Les scientifiques doivent :
Mesurer précisément des paramètres :
isotopes de l’oxygène, du carbone,
concentrations en gaz,
types de pollens,
largeurs d’anneaux, etc.
Comprendre la relation entre ce paramètre et le climat :
par exemple :
dans une région donnée, la largeur des anneaux d’arbres dépend-elle surtout de la température ou de l’eau disponible ?
on utilise souvent des calibrations avec les observations récentes (où on a à la fois le climat mesuré & le proxy).
Reconstruire une variable climatique :
température,
précipitations,
indice de sécheresse,
volume de glace, etc.
Combiner plusieurs archives :
arbres + glaces + coraux + sédiments…
pour obtenir une vision plus complète et robuste du climat passé.
Le résultat, ce sont des courbes comme :
la température moyenne de l’hémisphère nord sur 1 000 ans,
les variations de CO₂ sur 800 000 ans,
l’alternance des périodes glaciaires et interglaciaires, etc.
8. Pourquoi c’est crucial pour comprendre le climat d’aujourd’hui ?
Étudier le climat du passé permet de répondre à des questions clés :
Quelle est l’ampleur “normale” de la variabilité naturelle ?
→ Pour voir en quoi le réchauffement actuel est exceptionnel ou non.Comment le climat réagit aux changements de CO₂, aux variations d’orbite, aux volcans, etc. ?
→ Ça aide à tester et améliorer les modèles climatiques.Quels impacts ont eu les anciennes périodes chaudes ou sèches sur les écosystèmes ?
→ Cela donne des indices sur ce qui pourrait arriver dans un climat plus chaud.
En bref, le passé est un laboratoire naturel à grande échelle.
Sans ces archives, on serait presque aveugles sur la façon dont le système climatique réagit aux perturbations.
En résumé
Pour répondre à :
“Comment les scientifiques étudient-ils le climat du passé (glaces, anneaux des arbres, etc.) ?”
Ils utilisent des archives naturelles – glaces, arbres, sédiments, coraux, grottes – qui gardent une trace du climat au moment où elles se sont formées.
Les carottes de glace donnent à la fois :
des indices sur la température,
et la composition de l’atmosphère (CO₂, CH₄…) sur des centaines de milliers d’années.
Les anneaux des arbres permettent de reconstituer des variations annuelles de climat sur plusieurs centaines à milliers d’années.

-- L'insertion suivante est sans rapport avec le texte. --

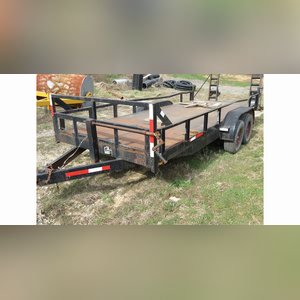 7â??x18â??+3â?? bumper-type trailer, tandem axle, metal floor & ramps, no title (rough)
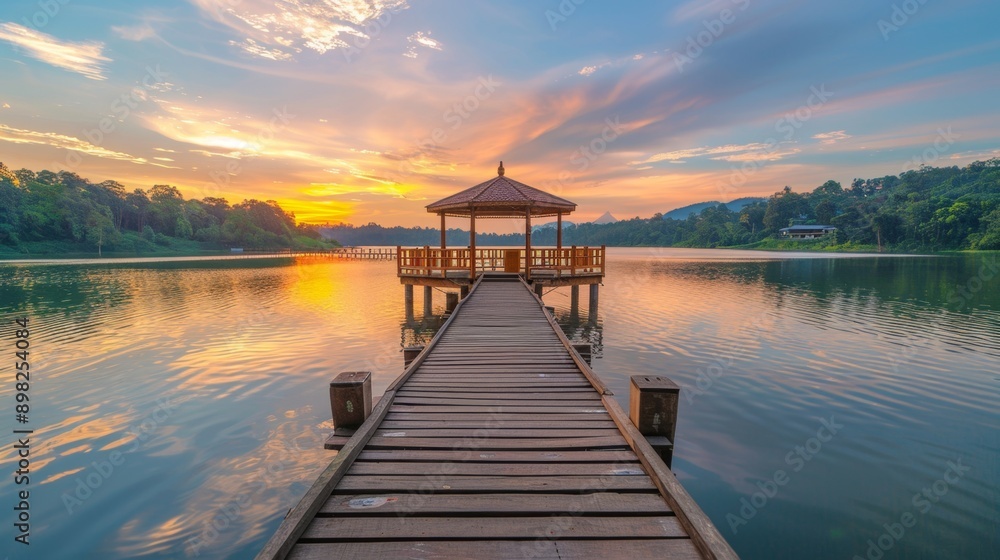 Fototapeta premium Wooden bridge leading to a gazebo on a lake at sunset.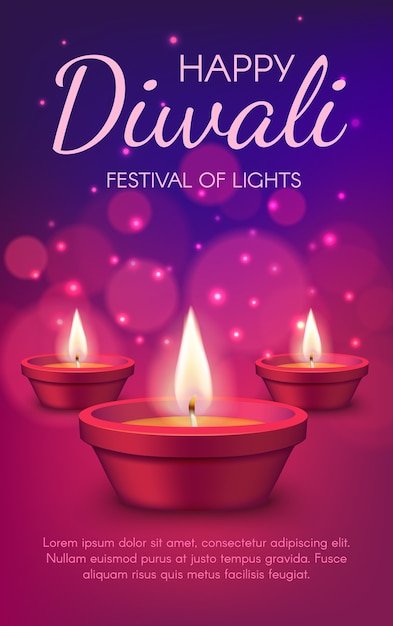 Diwali-festival van lichte diya-lampen groet van de indiase hindoeïstische religie. deepavali-olielampen of kaarslantaarns met brandende vuurvlammen, fonkelingen en bokehlichten, uitnodigingsaffiche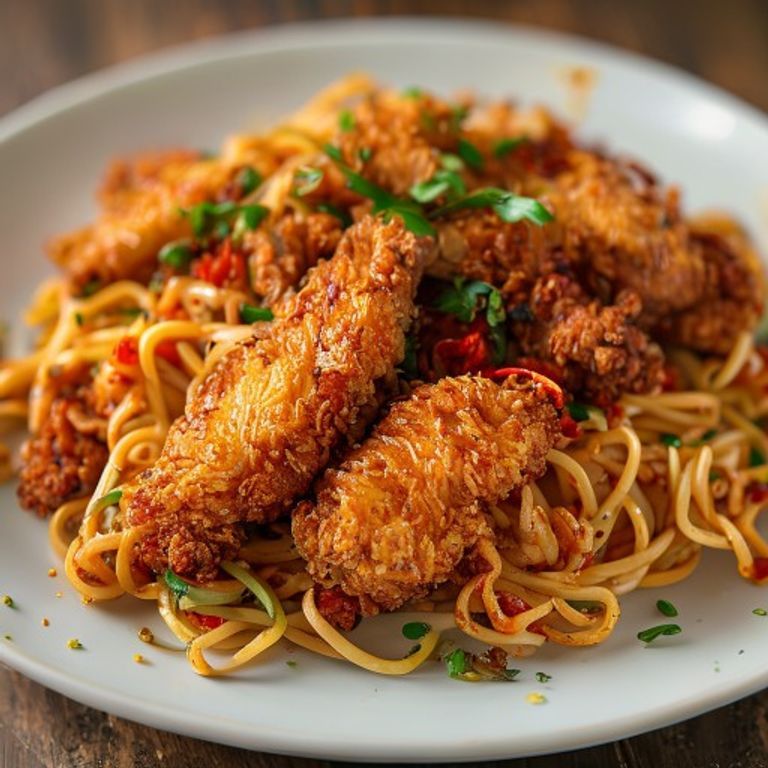 Nouilles sautées au filet de poulet frit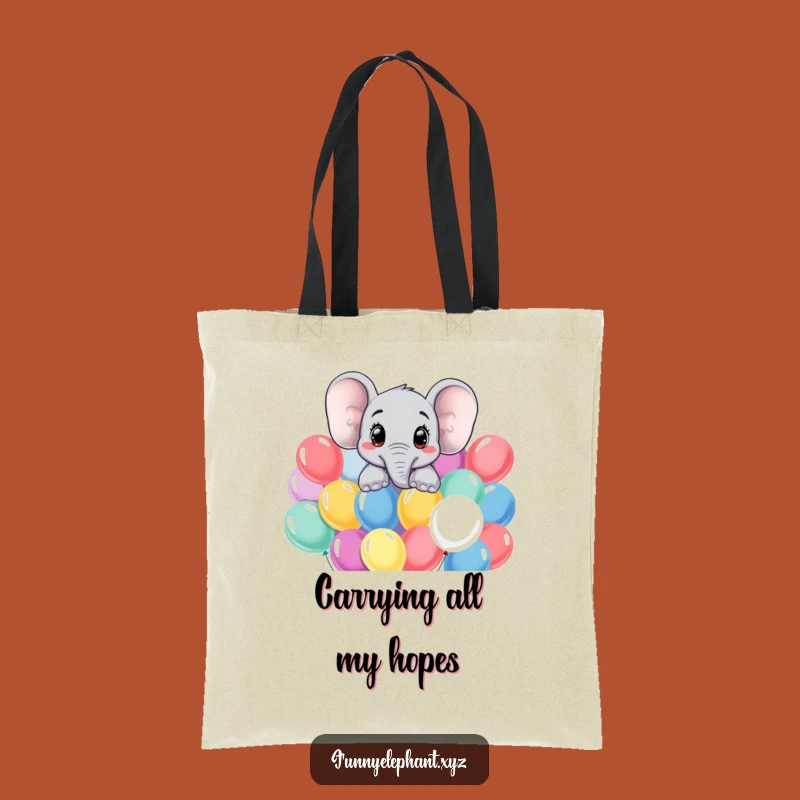 Funny Curious Elephant Tote Bag - Spacious Balloon Art Carryall Gift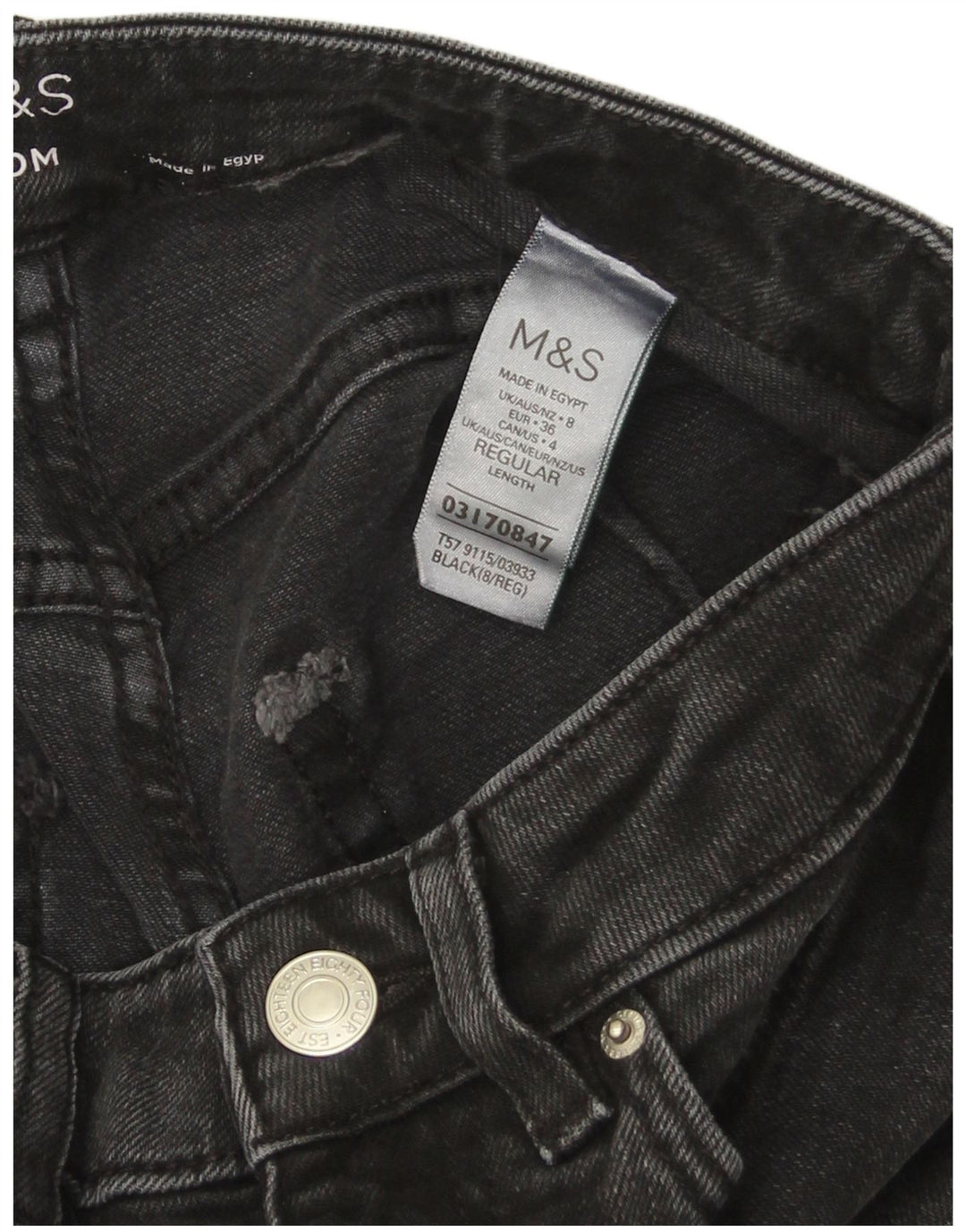 MARKS & SPENCER Jean fuselé pour femme UK 8 Small W26 L26 Gris Coton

Les sédiments des lacs et des océans, les coraux, les stalagmites complètent l’image sur des durées allant de quelques milliers à des millions d’années.
Des méthodes de datation (carbone 14, uranium–thorium, comptage de couches, repères volcaniques…) permettent de replacer ces informations dans le temps.
En combinant toutes ces archives, les scientifiques reconstituent l’histoire du climat et peuvent mieux comprendre :
ce qui relève de la variabilité naturelle,
et ce qui, aujourd’hui, est lié aux activités humaines et au changement climatique actuel.
En une phrase :
Les scientifiques lisent le climat du passé comme on lirait une bibliothèque de traces naturelles – glaces, arbres, sédiments, coraux – pour reconstituer, page après page, l’histoire longue du climat de la Terre.